● **WORK TO COMPLETE**
Write out, word for word, the part of the listing below that opens with the line containing "NHÀ BÁN PHẠM" and closes with the line containing "Audi Q5 2022 — ფოტო 17/20", keeping both of those lines and adding no others.

---

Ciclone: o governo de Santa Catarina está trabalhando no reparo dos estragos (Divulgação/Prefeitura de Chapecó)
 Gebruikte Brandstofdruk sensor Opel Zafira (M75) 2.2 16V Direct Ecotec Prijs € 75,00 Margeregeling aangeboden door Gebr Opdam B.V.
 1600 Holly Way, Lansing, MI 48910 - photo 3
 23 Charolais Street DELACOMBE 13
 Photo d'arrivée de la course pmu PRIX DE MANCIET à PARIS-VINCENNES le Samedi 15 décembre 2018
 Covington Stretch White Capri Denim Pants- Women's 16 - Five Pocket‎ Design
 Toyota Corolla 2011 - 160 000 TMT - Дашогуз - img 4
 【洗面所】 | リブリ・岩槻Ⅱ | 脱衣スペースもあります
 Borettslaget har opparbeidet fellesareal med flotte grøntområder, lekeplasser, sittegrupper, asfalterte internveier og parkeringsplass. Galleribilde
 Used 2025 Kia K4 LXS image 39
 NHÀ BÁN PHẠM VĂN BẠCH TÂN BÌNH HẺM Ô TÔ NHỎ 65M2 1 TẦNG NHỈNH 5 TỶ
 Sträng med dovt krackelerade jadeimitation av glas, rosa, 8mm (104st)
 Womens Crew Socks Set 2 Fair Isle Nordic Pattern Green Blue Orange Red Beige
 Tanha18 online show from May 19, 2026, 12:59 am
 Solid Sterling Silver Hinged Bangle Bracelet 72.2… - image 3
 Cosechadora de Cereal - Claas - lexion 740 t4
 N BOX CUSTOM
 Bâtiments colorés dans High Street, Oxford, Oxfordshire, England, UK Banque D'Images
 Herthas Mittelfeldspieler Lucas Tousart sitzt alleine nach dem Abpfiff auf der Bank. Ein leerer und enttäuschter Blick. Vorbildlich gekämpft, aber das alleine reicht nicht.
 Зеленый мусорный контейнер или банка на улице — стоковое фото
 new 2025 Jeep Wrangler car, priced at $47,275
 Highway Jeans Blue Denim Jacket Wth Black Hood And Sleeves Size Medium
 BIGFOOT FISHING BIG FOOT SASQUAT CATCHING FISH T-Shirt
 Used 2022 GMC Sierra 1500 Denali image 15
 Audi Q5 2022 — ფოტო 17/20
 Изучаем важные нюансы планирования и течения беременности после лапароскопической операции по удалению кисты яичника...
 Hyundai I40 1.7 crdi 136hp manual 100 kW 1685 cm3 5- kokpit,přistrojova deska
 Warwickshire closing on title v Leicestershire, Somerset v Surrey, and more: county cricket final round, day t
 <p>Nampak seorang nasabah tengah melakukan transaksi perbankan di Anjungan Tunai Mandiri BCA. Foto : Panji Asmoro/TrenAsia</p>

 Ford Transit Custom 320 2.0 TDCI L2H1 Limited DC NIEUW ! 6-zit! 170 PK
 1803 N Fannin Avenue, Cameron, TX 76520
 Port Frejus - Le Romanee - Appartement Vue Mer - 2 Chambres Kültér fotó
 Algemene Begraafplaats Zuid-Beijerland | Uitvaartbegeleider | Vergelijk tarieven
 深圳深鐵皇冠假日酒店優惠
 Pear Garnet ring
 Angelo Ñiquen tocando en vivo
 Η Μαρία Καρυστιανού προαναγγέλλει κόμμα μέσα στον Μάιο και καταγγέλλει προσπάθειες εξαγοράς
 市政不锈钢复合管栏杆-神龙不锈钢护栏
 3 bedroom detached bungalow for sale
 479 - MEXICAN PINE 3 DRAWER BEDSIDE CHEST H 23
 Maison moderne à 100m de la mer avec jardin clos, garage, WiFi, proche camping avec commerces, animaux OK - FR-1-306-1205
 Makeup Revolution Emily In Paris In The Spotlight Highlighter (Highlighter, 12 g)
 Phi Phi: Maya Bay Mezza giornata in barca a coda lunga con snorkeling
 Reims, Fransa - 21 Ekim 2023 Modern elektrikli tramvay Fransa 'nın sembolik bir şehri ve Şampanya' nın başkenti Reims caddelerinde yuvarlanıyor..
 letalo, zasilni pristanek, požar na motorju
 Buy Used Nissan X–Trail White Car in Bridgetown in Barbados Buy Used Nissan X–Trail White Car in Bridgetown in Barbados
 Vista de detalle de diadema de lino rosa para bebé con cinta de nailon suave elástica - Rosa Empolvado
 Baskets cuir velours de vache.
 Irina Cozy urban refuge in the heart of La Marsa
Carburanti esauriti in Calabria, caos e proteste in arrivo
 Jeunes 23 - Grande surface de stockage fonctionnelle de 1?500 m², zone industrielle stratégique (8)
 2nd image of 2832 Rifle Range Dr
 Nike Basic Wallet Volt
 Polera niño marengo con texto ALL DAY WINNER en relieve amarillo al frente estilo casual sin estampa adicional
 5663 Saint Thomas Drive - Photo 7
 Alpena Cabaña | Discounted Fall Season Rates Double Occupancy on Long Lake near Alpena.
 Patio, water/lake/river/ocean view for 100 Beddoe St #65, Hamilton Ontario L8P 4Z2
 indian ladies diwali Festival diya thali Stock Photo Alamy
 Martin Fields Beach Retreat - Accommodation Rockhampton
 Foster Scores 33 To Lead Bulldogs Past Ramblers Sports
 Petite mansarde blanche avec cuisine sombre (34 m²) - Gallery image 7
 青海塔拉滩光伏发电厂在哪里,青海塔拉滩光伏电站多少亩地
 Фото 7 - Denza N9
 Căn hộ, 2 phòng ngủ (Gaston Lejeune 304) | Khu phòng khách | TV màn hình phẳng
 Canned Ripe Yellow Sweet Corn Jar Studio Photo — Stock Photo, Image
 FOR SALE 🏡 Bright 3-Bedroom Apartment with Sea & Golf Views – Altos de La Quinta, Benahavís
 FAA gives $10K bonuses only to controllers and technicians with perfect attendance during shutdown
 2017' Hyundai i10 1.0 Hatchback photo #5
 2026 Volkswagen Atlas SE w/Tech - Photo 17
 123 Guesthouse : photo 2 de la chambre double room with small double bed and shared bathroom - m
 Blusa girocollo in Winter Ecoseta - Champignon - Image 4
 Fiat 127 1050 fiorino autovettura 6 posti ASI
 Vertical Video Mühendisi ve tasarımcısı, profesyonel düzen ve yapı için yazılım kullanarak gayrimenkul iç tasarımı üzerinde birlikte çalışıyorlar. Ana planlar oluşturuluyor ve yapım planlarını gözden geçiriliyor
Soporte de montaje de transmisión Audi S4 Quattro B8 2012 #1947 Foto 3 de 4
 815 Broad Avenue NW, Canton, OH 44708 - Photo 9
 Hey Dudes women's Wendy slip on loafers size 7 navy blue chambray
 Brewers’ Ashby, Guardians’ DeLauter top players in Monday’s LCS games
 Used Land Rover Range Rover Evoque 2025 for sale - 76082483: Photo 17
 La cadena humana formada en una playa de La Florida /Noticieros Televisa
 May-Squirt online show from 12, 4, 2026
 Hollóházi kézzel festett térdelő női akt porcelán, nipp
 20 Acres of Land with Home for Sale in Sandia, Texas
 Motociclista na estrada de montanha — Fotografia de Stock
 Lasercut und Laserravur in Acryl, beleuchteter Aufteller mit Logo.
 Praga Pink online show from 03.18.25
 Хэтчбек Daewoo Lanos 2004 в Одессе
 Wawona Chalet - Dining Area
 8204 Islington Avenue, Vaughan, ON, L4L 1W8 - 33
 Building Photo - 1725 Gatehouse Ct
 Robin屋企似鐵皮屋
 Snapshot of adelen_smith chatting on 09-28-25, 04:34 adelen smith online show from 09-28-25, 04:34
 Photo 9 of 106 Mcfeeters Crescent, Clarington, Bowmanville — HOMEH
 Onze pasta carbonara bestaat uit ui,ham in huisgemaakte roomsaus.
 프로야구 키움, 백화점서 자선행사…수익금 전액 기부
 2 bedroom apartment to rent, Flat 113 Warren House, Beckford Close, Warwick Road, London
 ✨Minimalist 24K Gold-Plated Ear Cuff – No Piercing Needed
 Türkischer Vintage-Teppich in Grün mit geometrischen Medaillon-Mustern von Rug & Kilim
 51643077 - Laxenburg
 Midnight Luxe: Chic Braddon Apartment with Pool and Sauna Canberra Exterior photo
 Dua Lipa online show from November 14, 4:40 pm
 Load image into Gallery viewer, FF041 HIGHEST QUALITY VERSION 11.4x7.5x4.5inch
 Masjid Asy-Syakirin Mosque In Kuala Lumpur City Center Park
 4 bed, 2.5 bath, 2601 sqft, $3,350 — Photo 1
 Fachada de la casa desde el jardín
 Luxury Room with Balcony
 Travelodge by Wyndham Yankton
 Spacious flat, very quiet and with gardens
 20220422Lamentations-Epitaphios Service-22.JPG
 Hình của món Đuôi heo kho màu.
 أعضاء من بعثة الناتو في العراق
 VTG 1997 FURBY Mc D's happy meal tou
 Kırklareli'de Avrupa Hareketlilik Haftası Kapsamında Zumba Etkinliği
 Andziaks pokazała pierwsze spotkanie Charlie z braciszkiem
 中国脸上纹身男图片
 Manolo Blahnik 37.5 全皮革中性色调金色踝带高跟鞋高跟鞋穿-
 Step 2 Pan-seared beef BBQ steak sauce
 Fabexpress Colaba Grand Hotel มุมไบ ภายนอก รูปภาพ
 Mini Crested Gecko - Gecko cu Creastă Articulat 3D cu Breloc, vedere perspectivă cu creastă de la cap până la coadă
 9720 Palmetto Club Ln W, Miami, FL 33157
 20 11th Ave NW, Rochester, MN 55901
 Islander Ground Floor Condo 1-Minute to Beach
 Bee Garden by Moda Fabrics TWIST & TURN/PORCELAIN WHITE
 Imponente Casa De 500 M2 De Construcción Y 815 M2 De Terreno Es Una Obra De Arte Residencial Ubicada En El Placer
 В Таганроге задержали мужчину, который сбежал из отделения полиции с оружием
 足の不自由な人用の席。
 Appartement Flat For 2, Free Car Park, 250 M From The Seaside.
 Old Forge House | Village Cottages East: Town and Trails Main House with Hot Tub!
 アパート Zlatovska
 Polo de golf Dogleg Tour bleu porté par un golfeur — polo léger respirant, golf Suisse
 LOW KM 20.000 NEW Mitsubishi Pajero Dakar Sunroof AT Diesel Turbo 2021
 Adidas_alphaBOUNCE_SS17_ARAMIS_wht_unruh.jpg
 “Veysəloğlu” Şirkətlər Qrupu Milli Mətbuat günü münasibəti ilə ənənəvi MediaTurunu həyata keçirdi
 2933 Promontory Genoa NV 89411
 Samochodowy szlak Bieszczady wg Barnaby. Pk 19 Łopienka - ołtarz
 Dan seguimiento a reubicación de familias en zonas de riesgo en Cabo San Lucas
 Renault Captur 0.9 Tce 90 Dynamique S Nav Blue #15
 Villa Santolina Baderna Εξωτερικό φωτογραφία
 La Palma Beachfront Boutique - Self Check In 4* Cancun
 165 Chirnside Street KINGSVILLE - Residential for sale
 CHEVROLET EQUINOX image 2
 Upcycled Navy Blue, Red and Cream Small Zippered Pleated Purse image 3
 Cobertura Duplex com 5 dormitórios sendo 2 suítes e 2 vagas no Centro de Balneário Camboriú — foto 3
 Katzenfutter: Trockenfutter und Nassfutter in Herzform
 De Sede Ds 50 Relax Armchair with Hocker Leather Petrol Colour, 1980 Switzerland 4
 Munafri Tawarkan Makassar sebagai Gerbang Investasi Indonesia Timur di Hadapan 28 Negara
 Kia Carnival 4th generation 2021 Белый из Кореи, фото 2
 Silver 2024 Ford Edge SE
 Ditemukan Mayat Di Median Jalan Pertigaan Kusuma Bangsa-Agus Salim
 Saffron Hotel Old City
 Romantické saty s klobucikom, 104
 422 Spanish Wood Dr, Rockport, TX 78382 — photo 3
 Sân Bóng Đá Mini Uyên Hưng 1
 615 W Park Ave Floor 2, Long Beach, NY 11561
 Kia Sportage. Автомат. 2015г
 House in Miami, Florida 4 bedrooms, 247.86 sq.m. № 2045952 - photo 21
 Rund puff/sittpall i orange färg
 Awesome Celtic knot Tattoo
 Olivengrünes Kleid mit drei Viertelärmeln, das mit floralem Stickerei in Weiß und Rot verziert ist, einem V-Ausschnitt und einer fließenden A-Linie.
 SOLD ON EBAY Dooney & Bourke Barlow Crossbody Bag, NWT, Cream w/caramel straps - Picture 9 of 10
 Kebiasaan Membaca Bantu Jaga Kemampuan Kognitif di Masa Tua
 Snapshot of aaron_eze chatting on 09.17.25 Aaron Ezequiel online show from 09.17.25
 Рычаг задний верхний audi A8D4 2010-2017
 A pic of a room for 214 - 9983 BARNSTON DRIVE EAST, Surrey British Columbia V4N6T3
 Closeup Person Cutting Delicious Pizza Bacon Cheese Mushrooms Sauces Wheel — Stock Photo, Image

---

● **ANSWER FOR THE TASK**
 NHÀ BÁN PHẠM VĂN BẠCH TÂN BÌNH HẺM Ô TÔ NHỎ 65M2 1 TẦNG NHỈNH 5 TỶ
 Sträng med dovt krackelerade jadeimitation av glas, rosa, 8mm (104st)
 Womens Crew Socks Set 2 Fair Isle Nordic Pattern Green Blue Orange Red Beige
 Tanha18 online show from May 19, 2026, 12:59 am
 Solid Sterling Silver Hinged Bangle Bracelet 72.2… - image 3
 Cosechadora de Cereal - Claas - lexion 740 t4
 N BOX CUSTOM
 Bâtiments colorés dans High Street, Oxford, Oxfordshire, England, UK Banque D'Images
 Herthas Mittelfeldspieler Lucas Tousart sitzt alleine nach dem Abpfiff auf der Bank. Ein leerer und enttäuschter Blick. Vorbildlich gekämpft, aber das alleine reicht nicht.
 Зеленый мусорный контейнер или банка на улице — стоковое фото
 new 2025 Jeep Wrangler car, priced at $47,275
 Highway Jeans Blue Denim Jacket Wth Black Hood And Sleeves Size Medium
 BIGFOOT FISHING BIG FOOT SASQUAT CATCHING FISH T-Shirt
 Used 2022 GMC Sierra 1500 Denali image 15
 Audi Q5 2022 — ფოტო 17/20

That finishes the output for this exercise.